The document has been widely publicized since the company’s ascent into startup superstardom. And the content of it is pretty bare bones. Less than thirty slides, mostly financially focused, and minimal design.

But at the end of the deck, there’s one section that’s particular inspiring. The page called future optimizations.

Garett, the company founder, was casting a vision about the untapped potential of his ride sharing brand. He listed potential offerings like premium on demand services, improved geolocation technology, incentives for using electric cars, and so on.

Today, more than a decade later, many of those features have either been abandoned or evolved into something else.

But that’s not the point. Because when you’re defining a new category and launching a new brand, you have to be a visionary. You need original ideas about what the future could be like. You need to see what something could become, long before it actually happens.

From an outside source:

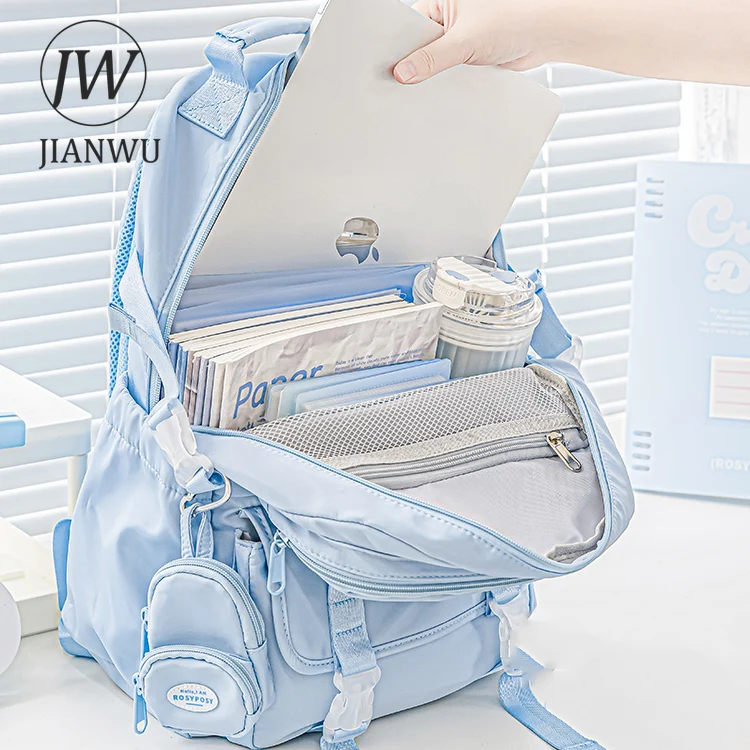 JIANWU Cream Style Large Capacity Student Storage Bag Backpack Creative DIY Journal Student Supplies Stationery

Now, as any entrepreneur will tell you, predicting the behavior of technology, even a few years from now, is almost impossible. But that doesn’t make the visonearing process any less worthwhile. Imagining and sharing future optimizations is a useful exercise.

Einstein once observed that a mind once stretched by new thoughts can never regain its original shape, and this is precisely what he was talking about. What vision of the future are you casting?

Prolific started out as a simple software as a service offering. Users paid $12/month for unlimited access to over three hundred personal creativity management tools, as well as articles and daily emails explaining how to use them. Pretty bare bones.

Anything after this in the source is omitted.